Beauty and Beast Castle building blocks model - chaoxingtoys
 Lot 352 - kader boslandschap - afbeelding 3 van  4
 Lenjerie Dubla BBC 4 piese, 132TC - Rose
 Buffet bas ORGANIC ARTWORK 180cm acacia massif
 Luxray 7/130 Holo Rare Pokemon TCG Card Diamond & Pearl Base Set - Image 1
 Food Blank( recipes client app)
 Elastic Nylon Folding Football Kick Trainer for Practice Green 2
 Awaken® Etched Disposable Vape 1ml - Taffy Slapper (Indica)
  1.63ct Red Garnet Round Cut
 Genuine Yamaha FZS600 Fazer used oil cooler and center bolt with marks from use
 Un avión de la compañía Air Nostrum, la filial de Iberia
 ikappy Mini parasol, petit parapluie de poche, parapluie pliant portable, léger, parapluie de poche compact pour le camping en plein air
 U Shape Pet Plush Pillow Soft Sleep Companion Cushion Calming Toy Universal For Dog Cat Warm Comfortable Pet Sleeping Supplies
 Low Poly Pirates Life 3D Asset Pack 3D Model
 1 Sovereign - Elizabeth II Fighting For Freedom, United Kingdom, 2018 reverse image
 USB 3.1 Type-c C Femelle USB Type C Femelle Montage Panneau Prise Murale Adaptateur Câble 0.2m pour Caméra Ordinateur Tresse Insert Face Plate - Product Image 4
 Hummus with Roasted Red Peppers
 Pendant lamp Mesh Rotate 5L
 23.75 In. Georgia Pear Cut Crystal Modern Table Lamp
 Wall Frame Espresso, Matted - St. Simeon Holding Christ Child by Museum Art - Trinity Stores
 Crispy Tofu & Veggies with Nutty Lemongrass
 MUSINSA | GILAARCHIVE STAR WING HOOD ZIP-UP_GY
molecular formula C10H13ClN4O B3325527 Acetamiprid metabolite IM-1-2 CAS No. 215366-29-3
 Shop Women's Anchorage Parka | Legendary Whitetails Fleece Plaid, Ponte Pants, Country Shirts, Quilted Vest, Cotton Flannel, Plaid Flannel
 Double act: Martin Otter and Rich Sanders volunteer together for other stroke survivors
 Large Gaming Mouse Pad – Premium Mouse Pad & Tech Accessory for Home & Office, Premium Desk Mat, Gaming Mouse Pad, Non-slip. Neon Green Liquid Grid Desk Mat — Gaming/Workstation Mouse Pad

• [EXERCISE BRIEF]
Would you reproduce, word for word, the lines from the one holding "1 Sovereign - Elizabeth" through the final line of the entries, both included?

• [WORKED SOLUTION]
 1 Sovereign - Elizabeth II Fighting For Freedom, United Kingdom, 2018 reverse image
 USB 3.1 Type-c C Femelle USB Type C Femelle Montage Panneau Prise Murale Adaptateur Câble 0.2m pour Caméra Ordinateur Tresse Insert Face Plate - Product Image 4
 Hummus with Roasted Red Peppers
 Pendant lamp Mesh Rotate 5L
 23.75 In. Georgia Pear Cut Crystal Modern Table Lamp
 Wall Frame Espresso, Matted - St. Simeon Holding Christ Child by Museum Art - Trinity Stores
 Crispy Tofu & Veggies with Nutty Lemongrass
 MUSINSA | GILAARCHIVE STAR WING HOOD ZIP-UP_GY
molecular formula C10H13ClN4O B3325527 Acetamiprid metabolite IM-1-2 CAS No. 215366-29-3
 Shop Women's Anchorage Parka | Legendary Whitetails Fleece Plaid, Ponte Pants, Country Shirts, Quilted Vest, Cotton Flannel, Plaid Flannel
 Double act: Martin Otter and Rich Sanders volunteer together for other stroke survivors
 Large Gaming Mouse Pad – Premium Mouse Pad & Tech Accessory for Home & Office, Premium Desk Mat, Gaming Mouse Pad, Non-slip. Neon Green Liquid Grid Desk Mat — Gaming/Workstation Mouse Pad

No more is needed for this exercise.